No reino da estupidez




Uma das patologias que se manifestam nos governos em vias de se despenharem num qualquer precipício eleitoral é o discurso reiterado da estupidez. E o que é a estupidez, então? Asneira, disparate, parvoíce, entre outros, constituem alguns sinónimos a aplicar conforme as circunstâncias, o que mostra que a estupidez não se deixa apreender facilmente, que as suas metamorfoses fazem dela algo a que ninguém está seguro de escapar. Flaubert, Proust, Gombrowicz, Musil ou Thomas Bernhard, todos eles escritores que integram a minha biblioteca de quarto escuro, encontraram na ironia ou no humor - leio num número pretérito do Magazine Littéraire dedicado, precisamente, à bêtise - a forma mais adequada para a denúncia dos avanços dissimulados da bêtise, sem garantias, contudo, de conseguirem escapar-lhe. Até porque, às vezes, aquela revela-se, como observa Clément Rosset, em «segundo grau», isto é, aparentemente reflexiva e apanágio de homens com qualidades.

«A bêtise – escreve Clément Rosset, em Le réel et son double, Minuit, 1997 - é de natureza intervencionista: ela não procura decifrar, mas sim emitir repetidamente. Ela fala, fala, ela não pára nunca de acrescentar». Repetitivo e irredutível, fechado sobre si mesmo, o discurso da estupidez é opaco mas obstinado. Diz-se determinado, mas é, sobretudo, obsessivo. Manifestações do discurso da estupidez em «segundo grau», disfarçadas num discurso aparentemente reflexivo, mas afirmativo e, ao mesmo tempo, insensível à argumentação dos outros, na tentativa de controlar o espaço saturado das escolas, temo-las visto em abundância sempre que a ministra da Educação ou os seus secretários de Estado falam, falam, e não param de acrescentar ao seu discurso sobre a avaliação dos professores. Há dias,à pergunta de uma jornalista sobre o que fará se houver novas manifestações de professores pelo facto de não ser suspenso o «modelo simplex de avaliação», a ministra da Educação, sem reflectir, em primeiro grau, portanto, respondeu: «Haverá, haverá».
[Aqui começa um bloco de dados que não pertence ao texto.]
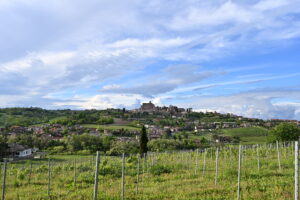 San Giorgio, l’amministrazione comunale vuole partecipazione
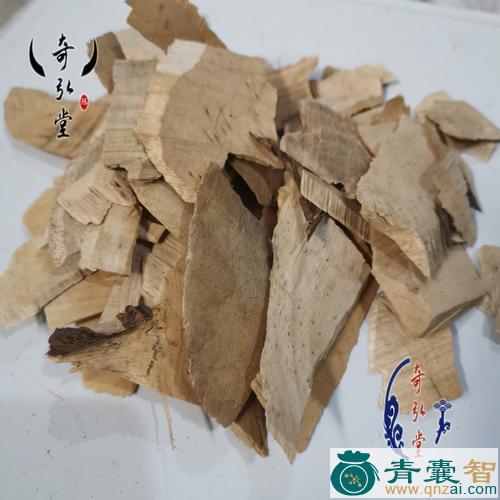 中药材巴豆树根图片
Assim, indiferentes ao torvelinho provocado pelo seu próprio discurso autista, vão estes sujeitos mais ou menos reflexivos, repetitivos e irredutíveis, empurrando o governo para o abismo, sem querer saber o que haverá do outro lado. Incapazes de controlar o seu discurso enquistado, porque isso seria contrário à própria natureza da estupidez, no seu estertor vão estes governantes imitando o idiota de Rilke na «Canção do Idiota» : «Não me incomodam. Deixam-me ir. / Dizem que não pode acontecer nada. /Ainda bem. / Não pode acontecer nada. Tudo chega e gira / sempre em torno do Espírito Santo, /em torno de determinado espírito (tu sabes) — / que bem» [Rainer Maria Rilke, in O Livro das Imagens, Relógio d´Água].